Contents
This assignment is based on the following case study –
On December 28th a 68 year old woman presents to the Emergency Department with a sudden onset of acute shortness of breath. She was discharged from hospital 5 days previously following an acute anterior septal myocardial infarction. Her MI was treated with a bare metal stent and she was discharged home on day 5. Discharge medications included oral clopidgrel, aspirin, metoprolol, perindopril and atorvastatin.
Prior to her hospital admission she was generally well. She has a past medical history of hypertension and type II diabetes and her body mass index is 35. Her husband states that since discharge from hospital she has been busy with Christmas celebrations, and noted that she has also been suffering during a recent heatwave. He noted that she may have ‘forgotten’ some medication.

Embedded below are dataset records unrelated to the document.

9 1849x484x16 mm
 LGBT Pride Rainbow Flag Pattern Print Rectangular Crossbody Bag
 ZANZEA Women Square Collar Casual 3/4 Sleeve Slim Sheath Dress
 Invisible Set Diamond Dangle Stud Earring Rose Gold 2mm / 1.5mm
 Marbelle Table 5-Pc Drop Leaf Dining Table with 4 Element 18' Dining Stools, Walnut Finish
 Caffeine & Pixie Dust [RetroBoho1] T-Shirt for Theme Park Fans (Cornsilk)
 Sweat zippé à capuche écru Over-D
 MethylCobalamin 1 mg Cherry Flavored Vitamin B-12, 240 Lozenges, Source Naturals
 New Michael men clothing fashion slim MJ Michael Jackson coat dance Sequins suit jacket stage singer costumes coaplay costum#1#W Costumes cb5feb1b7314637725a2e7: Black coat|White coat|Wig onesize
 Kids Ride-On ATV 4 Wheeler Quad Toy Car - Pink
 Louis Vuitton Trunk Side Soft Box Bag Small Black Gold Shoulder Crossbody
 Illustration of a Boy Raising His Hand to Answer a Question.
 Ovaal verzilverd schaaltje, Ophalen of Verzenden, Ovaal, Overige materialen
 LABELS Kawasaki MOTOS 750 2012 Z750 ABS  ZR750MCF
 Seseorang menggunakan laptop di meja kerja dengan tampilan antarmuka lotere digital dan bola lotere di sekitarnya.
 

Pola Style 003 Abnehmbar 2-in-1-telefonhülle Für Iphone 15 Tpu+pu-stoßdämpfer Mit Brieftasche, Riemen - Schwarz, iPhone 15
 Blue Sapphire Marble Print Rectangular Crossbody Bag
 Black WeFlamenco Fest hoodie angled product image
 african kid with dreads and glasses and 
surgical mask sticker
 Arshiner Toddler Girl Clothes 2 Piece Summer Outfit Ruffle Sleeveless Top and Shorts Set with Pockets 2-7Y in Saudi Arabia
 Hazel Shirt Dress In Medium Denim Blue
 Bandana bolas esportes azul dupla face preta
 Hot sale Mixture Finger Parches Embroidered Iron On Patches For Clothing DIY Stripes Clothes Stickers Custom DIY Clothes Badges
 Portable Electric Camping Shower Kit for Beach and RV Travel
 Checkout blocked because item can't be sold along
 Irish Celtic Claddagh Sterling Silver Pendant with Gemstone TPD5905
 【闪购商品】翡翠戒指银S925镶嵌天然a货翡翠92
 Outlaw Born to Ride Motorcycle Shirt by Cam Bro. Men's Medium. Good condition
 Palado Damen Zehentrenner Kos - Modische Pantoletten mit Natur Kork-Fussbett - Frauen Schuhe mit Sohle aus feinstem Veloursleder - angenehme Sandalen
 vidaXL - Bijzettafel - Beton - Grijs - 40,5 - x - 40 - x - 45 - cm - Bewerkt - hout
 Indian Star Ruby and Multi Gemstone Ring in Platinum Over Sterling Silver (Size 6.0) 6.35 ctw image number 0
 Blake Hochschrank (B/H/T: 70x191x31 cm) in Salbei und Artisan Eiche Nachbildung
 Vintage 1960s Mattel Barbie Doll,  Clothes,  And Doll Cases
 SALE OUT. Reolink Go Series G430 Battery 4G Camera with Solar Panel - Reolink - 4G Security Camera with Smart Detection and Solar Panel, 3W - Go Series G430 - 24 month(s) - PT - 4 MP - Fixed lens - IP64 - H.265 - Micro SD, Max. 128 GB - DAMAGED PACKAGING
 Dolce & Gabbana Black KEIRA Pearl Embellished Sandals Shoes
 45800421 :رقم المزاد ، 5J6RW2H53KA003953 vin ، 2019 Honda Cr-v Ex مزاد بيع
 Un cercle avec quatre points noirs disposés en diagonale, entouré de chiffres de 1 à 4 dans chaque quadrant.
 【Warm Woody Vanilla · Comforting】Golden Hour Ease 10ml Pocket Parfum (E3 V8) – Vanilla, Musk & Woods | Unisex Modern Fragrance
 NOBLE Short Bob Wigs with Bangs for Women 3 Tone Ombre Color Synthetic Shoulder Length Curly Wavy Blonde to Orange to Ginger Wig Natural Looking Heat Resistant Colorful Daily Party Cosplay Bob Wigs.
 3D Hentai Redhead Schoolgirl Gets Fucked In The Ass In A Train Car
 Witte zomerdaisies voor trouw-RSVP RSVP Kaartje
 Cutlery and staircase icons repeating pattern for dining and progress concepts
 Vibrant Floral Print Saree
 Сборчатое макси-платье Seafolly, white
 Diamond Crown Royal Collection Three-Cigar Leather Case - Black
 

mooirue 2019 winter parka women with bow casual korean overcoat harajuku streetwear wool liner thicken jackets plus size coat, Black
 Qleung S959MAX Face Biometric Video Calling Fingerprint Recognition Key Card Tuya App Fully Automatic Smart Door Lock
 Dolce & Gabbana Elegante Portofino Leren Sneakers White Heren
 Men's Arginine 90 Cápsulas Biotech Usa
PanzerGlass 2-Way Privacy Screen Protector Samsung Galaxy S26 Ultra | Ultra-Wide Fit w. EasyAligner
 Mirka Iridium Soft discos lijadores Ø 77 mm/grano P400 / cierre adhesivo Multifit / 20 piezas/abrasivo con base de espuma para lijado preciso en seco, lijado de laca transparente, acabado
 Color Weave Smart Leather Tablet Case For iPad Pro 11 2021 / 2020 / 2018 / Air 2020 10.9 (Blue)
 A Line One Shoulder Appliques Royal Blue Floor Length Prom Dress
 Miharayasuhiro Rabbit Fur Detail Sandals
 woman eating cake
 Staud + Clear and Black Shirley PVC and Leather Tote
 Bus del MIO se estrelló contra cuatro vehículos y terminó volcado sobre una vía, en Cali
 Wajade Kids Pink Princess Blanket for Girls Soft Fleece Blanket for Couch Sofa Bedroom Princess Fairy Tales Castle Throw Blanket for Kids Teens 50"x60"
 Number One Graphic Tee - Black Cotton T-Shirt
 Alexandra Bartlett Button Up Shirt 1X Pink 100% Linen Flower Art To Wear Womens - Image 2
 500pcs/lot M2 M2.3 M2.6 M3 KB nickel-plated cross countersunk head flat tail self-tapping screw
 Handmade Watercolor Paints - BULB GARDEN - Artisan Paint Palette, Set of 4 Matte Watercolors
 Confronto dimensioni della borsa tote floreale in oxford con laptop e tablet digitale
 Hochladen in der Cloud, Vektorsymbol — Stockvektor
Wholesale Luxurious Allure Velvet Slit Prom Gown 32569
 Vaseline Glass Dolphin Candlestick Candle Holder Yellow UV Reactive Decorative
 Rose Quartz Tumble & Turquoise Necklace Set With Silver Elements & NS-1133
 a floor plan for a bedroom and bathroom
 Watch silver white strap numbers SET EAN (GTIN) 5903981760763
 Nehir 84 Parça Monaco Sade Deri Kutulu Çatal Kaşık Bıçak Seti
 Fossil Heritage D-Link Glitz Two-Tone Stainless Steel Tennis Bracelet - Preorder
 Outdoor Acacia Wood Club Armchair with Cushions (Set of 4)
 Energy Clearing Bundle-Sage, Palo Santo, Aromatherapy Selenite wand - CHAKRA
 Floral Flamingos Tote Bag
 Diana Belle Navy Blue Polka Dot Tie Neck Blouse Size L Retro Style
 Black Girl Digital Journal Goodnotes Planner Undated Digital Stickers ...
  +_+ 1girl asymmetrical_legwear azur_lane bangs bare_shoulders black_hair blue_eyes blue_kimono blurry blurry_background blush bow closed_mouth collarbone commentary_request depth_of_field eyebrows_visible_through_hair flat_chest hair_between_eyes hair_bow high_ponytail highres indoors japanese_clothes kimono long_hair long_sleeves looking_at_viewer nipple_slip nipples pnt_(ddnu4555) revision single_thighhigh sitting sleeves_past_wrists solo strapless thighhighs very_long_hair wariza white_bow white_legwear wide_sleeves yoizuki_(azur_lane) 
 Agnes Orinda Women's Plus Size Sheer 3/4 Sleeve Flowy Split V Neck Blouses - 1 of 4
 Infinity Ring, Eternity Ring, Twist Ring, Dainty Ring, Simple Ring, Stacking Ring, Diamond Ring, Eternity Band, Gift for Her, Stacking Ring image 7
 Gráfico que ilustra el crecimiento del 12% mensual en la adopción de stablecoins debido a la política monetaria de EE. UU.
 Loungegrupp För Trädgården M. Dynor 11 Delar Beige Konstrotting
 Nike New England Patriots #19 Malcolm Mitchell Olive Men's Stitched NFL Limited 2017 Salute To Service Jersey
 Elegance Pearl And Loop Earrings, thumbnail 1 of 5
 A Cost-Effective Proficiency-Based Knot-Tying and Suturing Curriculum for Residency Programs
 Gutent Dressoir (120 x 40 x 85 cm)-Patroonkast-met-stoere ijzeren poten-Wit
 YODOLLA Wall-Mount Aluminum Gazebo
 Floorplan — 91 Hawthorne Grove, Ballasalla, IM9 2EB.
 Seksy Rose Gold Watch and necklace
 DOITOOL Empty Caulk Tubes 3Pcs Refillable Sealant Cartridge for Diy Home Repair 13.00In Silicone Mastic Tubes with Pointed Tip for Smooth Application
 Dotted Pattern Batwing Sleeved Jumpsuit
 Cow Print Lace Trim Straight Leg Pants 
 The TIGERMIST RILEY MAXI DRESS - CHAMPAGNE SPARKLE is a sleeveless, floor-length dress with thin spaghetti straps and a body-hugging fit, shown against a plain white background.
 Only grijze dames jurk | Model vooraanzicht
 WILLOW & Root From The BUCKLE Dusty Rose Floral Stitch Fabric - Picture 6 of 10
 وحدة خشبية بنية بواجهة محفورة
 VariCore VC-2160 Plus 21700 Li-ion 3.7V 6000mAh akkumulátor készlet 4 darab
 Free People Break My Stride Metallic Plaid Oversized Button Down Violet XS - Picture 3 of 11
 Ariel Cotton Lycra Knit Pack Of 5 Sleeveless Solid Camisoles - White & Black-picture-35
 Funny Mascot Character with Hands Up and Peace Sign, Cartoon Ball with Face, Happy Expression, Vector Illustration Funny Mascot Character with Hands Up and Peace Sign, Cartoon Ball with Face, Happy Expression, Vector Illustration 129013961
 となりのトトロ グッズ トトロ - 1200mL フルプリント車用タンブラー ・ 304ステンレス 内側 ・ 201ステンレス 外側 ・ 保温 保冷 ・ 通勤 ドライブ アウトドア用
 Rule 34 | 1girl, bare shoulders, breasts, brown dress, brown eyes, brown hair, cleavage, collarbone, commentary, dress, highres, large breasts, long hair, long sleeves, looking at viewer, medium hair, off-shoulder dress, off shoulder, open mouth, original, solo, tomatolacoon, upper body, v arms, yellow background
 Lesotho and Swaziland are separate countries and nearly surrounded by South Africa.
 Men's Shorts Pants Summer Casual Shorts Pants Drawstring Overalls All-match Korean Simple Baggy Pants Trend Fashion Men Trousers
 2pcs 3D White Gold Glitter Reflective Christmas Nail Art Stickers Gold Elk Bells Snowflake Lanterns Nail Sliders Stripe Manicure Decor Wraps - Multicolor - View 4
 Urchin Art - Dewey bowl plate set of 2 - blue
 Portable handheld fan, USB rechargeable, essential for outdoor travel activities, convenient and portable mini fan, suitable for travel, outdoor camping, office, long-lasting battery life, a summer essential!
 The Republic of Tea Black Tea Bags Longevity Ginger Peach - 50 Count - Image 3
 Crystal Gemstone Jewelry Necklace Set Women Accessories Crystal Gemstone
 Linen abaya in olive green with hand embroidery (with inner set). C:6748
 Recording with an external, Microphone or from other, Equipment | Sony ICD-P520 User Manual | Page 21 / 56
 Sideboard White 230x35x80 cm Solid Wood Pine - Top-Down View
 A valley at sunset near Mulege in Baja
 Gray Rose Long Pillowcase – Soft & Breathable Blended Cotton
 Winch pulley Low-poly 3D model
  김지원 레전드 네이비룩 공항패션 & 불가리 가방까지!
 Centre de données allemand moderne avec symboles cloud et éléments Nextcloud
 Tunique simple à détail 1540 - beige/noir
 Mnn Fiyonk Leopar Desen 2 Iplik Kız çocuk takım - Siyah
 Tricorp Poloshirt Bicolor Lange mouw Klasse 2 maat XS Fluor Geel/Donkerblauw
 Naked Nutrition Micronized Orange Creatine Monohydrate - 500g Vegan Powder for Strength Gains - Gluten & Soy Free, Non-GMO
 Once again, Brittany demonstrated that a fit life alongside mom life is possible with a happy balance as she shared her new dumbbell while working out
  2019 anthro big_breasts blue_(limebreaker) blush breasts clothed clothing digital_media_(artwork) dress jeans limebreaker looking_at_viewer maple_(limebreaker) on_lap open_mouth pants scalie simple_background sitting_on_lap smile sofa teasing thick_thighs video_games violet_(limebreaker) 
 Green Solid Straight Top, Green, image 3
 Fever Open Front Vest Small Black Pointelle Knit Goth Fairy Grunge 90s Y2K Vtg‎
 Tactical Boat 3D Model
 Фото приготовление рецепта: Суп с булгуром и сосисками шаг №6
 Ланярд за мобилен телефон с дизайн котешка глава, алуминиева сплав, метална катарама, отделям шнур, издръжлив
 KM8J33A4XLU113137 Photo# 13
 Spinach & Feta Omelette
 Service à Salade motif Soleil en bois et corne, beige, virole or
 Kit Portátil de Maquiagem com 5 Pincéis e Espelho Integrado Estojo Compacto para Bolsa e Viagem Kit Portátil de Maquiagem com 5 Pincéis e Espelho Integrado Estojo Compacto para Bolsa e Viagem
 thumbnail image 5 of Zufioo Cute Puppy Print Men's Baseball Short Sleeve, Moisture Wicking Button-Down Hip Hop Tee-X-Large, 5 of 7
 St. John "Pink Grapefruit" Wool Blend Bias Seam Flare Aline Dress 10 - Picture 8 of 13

On arrival to the ED the following vital signs are noted:
Respiratory rate 28
Hr 130 Rhythm sinus tachycardia
BP 140/100
Oxygen saturation 94% on 6 litre oxygen via face mask.
She is noted to be cool and clammy and capillary refill is greater than 3 seconds.
Upon lung auscultation fine crackles are noted bilaterally.
An IV line is inserted and routine bloods are taken. She is commenced on a GTN infusion and given 40 mg of IV frusemide. She is transferred to the ICCU with a diagnosis of acute heart failure.
Upon arrival to the ICU the following assessment is noted.
CVS
Her cardiac rhythm is sinus tachycardia at a rate of 133 bpm. Her current ECG demonstrated resolving acute anterior septal myocardial infarction with Q waves present
Blood pressure dropped to 85/70 on arrival to the ICU. She has one IV line in situ and is not receiving any IV fluid.
She is pale, cool and sweaty. There is no peripheral swelling and JVP is estimated at 6 cms above the sternal angle. Capillary refill remains poor.
A echocardiogram has been performed and demonstrates an ejection fraction of 50% with poor diastolic filling.
RESP
She is being nursed in a Fowlers position and is tachypnoeic, rate of 35, depth is shallow and he has a dusky appearance, particularly around her mouth.
She is unable to speak complete sentences as she cannot ‘catch her breath’.
On lung auscultation she has fine crackles from bases to high midzone regions equal on both sides.
She maintains an oxygen saturation of only 88-90% despite increases in her oxygen therapy to 10L/Non Rebreathing Mask since arrival in the ED.
CNS
She is extremely anxious and restless, and admits to a pain score of 5/10.
RENAL
She had an estimated 200 mls urine output following the IV frusemide given in ED with no further urine output.
GIT
Our patient is extremely nauseated and vomits readily. Treatment with Stemetil and Maxalon has not helped.
Treatment in the ICU include the following:
A CVC and Arterial line is inserted and invasive haemodynamic monitoring is commenced.
The GTN infusion was ceased and 250 mls of Hartman’s solution given. She is commenced on dobutamine infusion of 500 mg /100 mls 5% Dextrose titrated to a MAP of 70 mm Hg.
She is commenced on Mask CPAP, initially at 100% Oxygen with 10 cm PEEP.
Description
This assignment answers the following questions on the case study –
A 68 year old woman presents to the Emergency Department with a sudden onset of acute shortness of breath.
Question 1
a. Using a PRIMARY SURVEY framework LIST the signs and symptoms of acute heart failure that the tutorial case patient is exhibiting.
b. Choose TWO signs or symptoms that are listed and describe in detail the pathophysiology of heart failure (and related compensatory systems) related specifically to each sign or symptom.
Question 2
a. Considering the above TWO signs or symptoms, describe in detail the physiological effect of CPAP in providing relief for this patient.